Samuel Fancourt (1678–1768) was a dissenting minister and projector of circulating libraries. He is said to have been a native of Hungerford, in Berkshire, England.

==Dissenting minister==
Fancourt wrote that one of 'the four London ministers' was his tutor, and another his predecessor at the place from which he removed to Salisbury. This probably indicates that he was trained for the ministry by Benjamin Robinson at Hungerford, and succeeded Jeremiah Smith as pastor at Andover. Robinson and Smith were two of the four ministers who led the subscribing party at the Salters' Hall conference of 1719. From 1718 to 1730 Fancourt was minister and tutor in Salisbury. On the occasion of the controversy which arose in consequence of the proceedings at the Salters' Hall conference of London ministers in February 1719, he wrote two tracts on the side of the dogmatists. Some years later he involved himself in a controversy about free will and predestination, and left Salisbury for London. While the Oxford Dictionary of National Biography states that he left because of theological controversy, an autobiographical letter claims that he only left because of financial pressure.

==The circulating library in Crane Court==
After leaving Salisbury Fancourt went to London and there established what was said, about forty years afterwards, to have been the first circulating library. A library conducted by him, in which the subscription was a guinea per annum, was dissolved at Michaelmas 1745, and he then carried out a new plan. This plan is described in the 'Alphabetical Catalogue of Books and Pamphlets belonging to the Circulating Library in Crane Court' (Fleet Street), 2 vols. 8vo, 1748, which he issued in parts between 1746 and 1748. According to this scheme for 'The Gentlemen and Ladies' Growing and Circulating Library,’ anyone might become a proprietor by an initial payment of a guinea and a quarterly payment of a shilling. The proprietors were to choose trustees in whom the library was to be vested, Fancourt himself being appointed librarian during good behaviour.

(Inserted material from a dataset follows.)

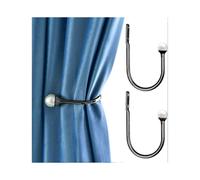 Pack U Shaped Curtain Tiebacks Decorative Wall Mounted Hooks with Screws -Black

Each proprietor was to be allowed to take out one volume and one pamphlet at a time. 'He may keep them a reasonable time according to their bigness; but if they are not wanted by others he may keep them as long as he has a mind.'

The library contained two or three thousand bound volumes and about the same number of pamphlets; from a third to a half of the books and pamphlets consisted of theology and ecclesiastical history and controversy, and only about a tenth of it was 'light' literature. The house in Crane Court in which it was placed was close to the quarters of the Royal Society, and either it or the house next to it was eventually taken by that society for an enlargement of its own library. Dr. Cromwell Mortimer, second secretary to the society, was a persistent enemy of the circulating library till his death in 1752. At some period later than 1755 Fancourt left Crane Court, and, after several changes, moved his library to 'the corner of one of the streets in the Strand,’ where his various schemes finally broke down. The library was taken by his creditors, and he retired to Hoxton Square, where he was supported by some of the dissenting ministers, till he died at the age of ninety, on 8 June 1768. In the Crane Court library catalogue he offered for twelve guineas to teach 'any one of a common capacity and diligence' to read, write, and speak Latin with fluency in a year, by giving them five or six hours' tuition a week.

==Works==
The following is a list of Fancourt's various writings, which are all, except the ninth and the last, enumerated with long titles and extracts in the Crane Court Catalogue (vol. i. pamphlets, pp. 11, 24, 27, 166–70):
- 1. 'Sermon at the Funeral of Mr. John Terry,’ 1720.
- 2. 'Essay concerning Certainty and Infallibility, or Reflections on "The Nature and Consequences of Enthusiasm",’ 1720.
- 3. 'Enthusiasm Retorted, or Remarks on Mr. Morgan's Second Letter to the Four London Ministers,’ 1722.
- 4. 'Greatness of the Divine Love,’ a sermon.
- 5. 'Greatness of the Divine Love Vindicated,’ 2nd edit. 1727.
- 6. 'Appendix to the "Greatness &c., Vindicated",’ 1729.
- 7. 'Essay concerning Liberty, Grace, and Prescience,’ 1729.
- 8. 'Apology, or Letter to a Friend setting forth the occasion, &c., of the Present Controversy' (between Fancourt, the Rev. Anthony Bliss and the Rev. John Norman), 2nd edit. 1730.
- 9. 'What will be must be, or Future contingencies no contingencies, in a Letter to the Rev. John Norman,’ Salisbury, 1730.
- 10. 'Appendix to a Letter to the Rev. Mr. Norman,’ 3rd edit. 1732.
- 11. 'Greatness of the Divine Love further Vindicated in Reply to Mr. Millar's "Principles of the Reformed Churches",’ 1732.
- 12. 'Free Agency of Accountable Creatures,’ 1733.
- 13. 'Nature and Expediency of the Gospel Revelation and of a Public Ministry,’ a sermon with appendices, 1733.
- 14. 'Union and Zeal among Protestants,’ 2nd edit. 1745.
- 15. 'Seasonable Discourse on a Slavish Fear of Man and a Holy Trust in God, suited to the Alarms and Danger of the Present Time.'
- 16. 'Nature and Advantage of a Good Education, a Sermon preached in St. Thomas's, for the benefit of the Charity School in Gravel Lane, Southwark,’ 1746.
- 17. 'The Narrative,’ London, 1747.